Jill Stein, the Green Party nominee for President, on her platform page says that education is a right, and lists the following priorities:
- Guarantee tuition-free, world-class public education from pre-school through university.
- Abolish student debt to free a generation of Americans from debt servitude.
- Protect our public school systems from privatization.
- Use restorative justice to address conflicts before they occur, and involve students in the process.
- Evaluate teacher performance through assessment by fellow professionals. Do not rely on high stakes tests that reflect economic status of the community, and punish teachers working in low income communities of color.
- Replace Common Core with curriculum developed by educators, not corporations, with input from parents and communities.
- Stop denying students diplomas based on high stakes tests.
- Stop using merit pay to punish teachers who work with the most challenging student populations.
- Restore arts, music and recreation to school curriculums.
- Ensure racially inclusive, sensitive and relevant curriculums.
- Use Department of Education powers to offer grants and funding to encourage metropolitan desegregation plans based on socioeconomically balanced schools.
- Recognize poverty as the key obstacle to learning. Ensure that kids come to school ready to learn: healthy, nourished, secure and free from violence.
- Increase federal funding of public schools to equalize public school funding.

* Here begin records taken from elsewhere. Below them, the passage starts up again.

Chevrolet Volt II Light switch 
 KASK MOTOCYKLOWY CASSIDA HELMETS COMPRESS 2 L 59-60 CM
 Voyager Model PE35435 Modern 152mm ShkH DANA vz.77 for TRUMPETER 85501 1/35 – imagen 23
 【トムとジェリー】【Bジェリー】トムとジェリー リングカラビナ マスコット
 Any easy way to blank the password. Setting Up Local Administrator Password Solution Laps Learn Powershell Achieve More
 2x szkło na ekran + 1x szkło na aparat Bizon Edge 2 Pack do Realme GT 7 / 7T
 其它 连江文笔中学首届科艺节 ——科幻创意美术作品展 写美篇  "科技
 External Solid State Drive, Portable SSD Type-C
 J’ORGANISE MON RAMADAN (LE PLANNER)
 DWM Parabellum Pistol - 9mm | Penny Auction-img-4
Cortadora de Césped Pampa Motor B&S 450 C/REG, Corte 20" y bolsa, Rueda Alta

I was actually surprised to see she wanted to replace Common Core. I’m not surprised by her stance on high-stakes testing. On one hand there seems to be an appeal to local control, but “ensuring” any type of curriculum is actually more federal control than what Hillary Clinton advocates. She also wants to increase federal funding of public schools to equalize public school funding. I assume this is to ensure urban schools have the same amount of taxpayer funding as suburban schools. That along with free tuition for preschool through university (which public school for K-12 is already “free”) sounds really, really expensive.